When I was a kid, I was fascinated by Canadian editorial cartoons and spent hours at the library poring through old collections. I was impressed by some of Mosher’s work in the 1970s, not for the humor, which was often uninspired and obtuse, but his beautifully grotesque caricatures and the elaborate fountain pen cross-hatching in which they were rendered.
But as I gradually waded my way through his collections, which he seemed to churn out at a rate of at least once a year, it became obvious that as he aged his talents were either starting to fade or he was just getting lazy. His drawings became cruder and sloppier, and eventually hand-drawn art was rarely seen at all. His commentary drifted away from offering any pretense of political insight, and instead descended into sub-Andy Rooney hot takes on the weather, sports, and (of course) These Damn Kids. Today Mosher is, by any objective standard, producing some real garbage, but insulated by endless nostalgia and praise, he seems to suffer no professional consequence for it.
I’ll cheerfully confess to sour grapes. I tried for many years to make a go at being an editorial cartoonist myself, only to find that there is virtually no market demand for what is now, increasingly, regarded as a dead art. Newspapers are hemorrhaging cash and have zero interest investing in something no one cares about. Cartoonists are being fired, not hired.
But it’s important to realize the ignoble death of Canadian editorial cartooning was not natural or inevitable. Millennials tend to regard editorial cartoons as stiff, unfunny, and clichéd, and they’re usually correct in doing so. For decades, a Canadian editor’s preferred approach to editorial cartooning was to hire a single white guy and let him draw until he died, senility be damned. This was the same model used by newspaper strips, and it certainly appeased a certain segment of the boomer readership who feared change above all else, but had the simultaneous counter-effect of informing the generations beneath that Canadian newspaper cartooning was not a remotely meritocratic enterprise. Seeking competent satire, they learned to look elsewhere.

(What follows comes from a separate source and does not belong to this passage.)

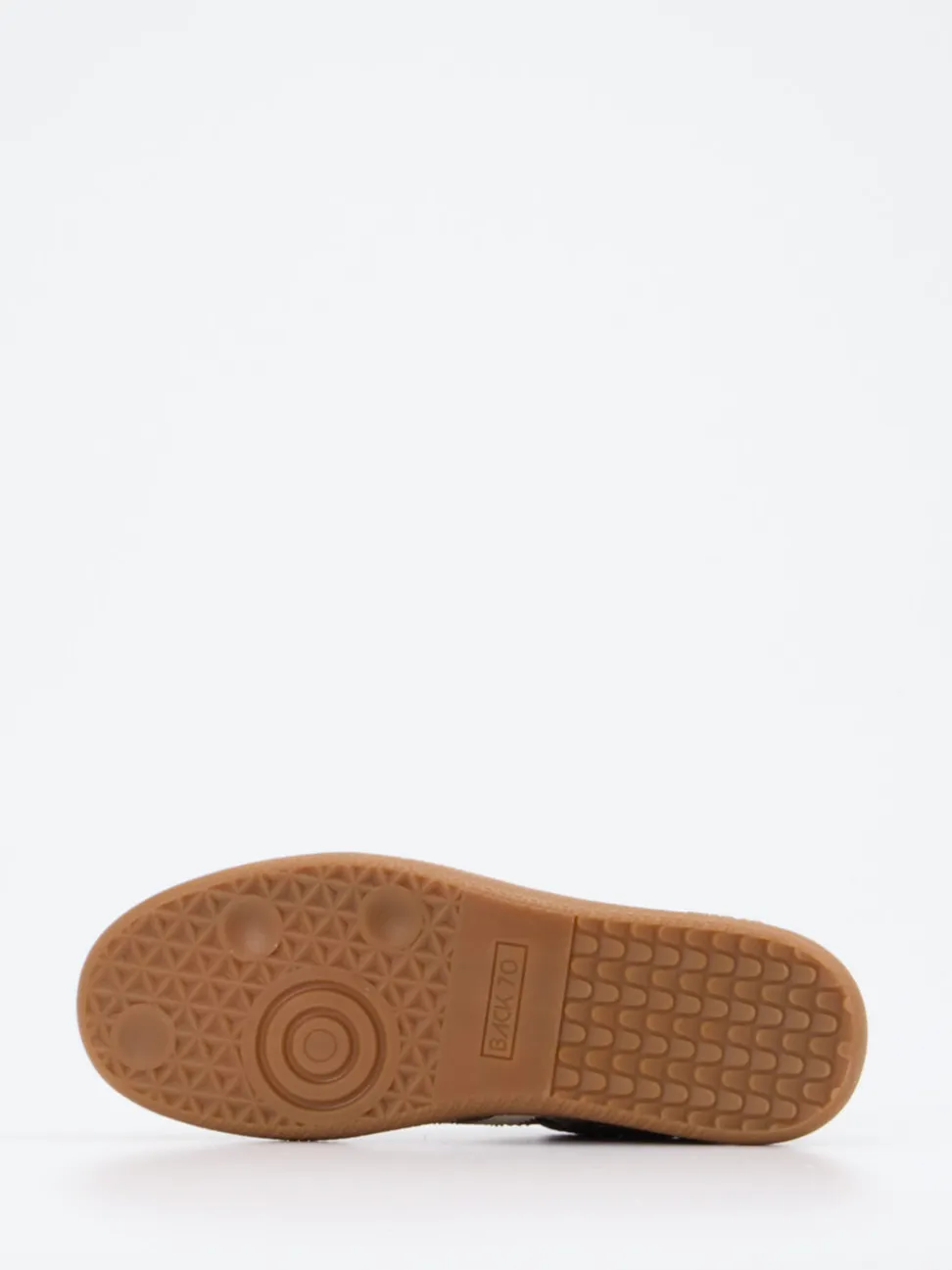 Back 70 – Sneaker aus Veloursleder grau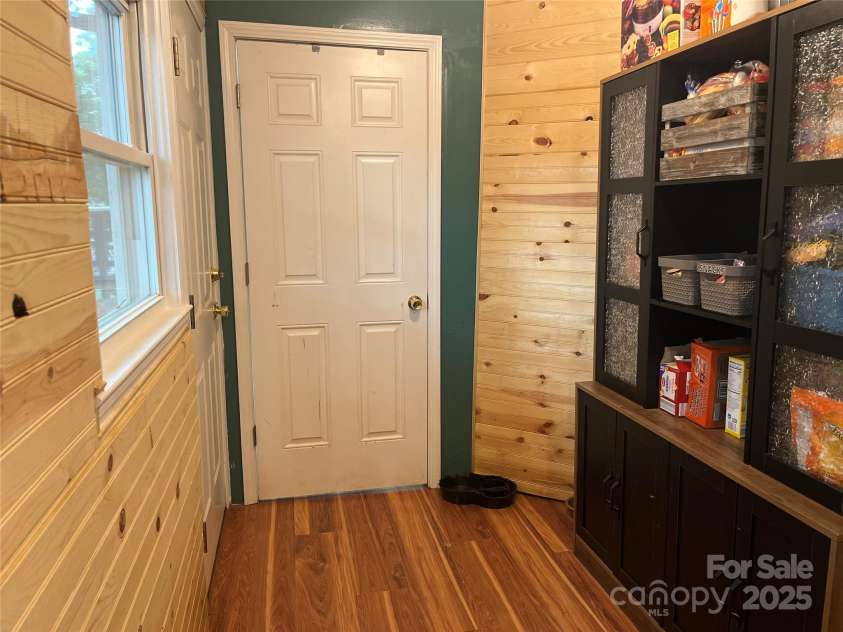 508 Rice Street, Landis, NC 28088.  MLS# CAR4275579, YatesRealty ID 26756. Laundry room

Old cartoonists like Mosher are endlessly feted with praise about their bravery and savagery, “cutting the powerful down to size with their acidic pens” and so on. It went into particularly high gear in the aftermath of the Charlie Hebdo attacks. But the sad reality is that most of the editorial cartoonists employed in Canada today are neither heroic nor clever. Increasingly, they’re barely even coherent. What they are is merely one more culpable party in the decline of traditional media, whose leading players have done their best to ensure their absence will not be noticed, let alone mourned.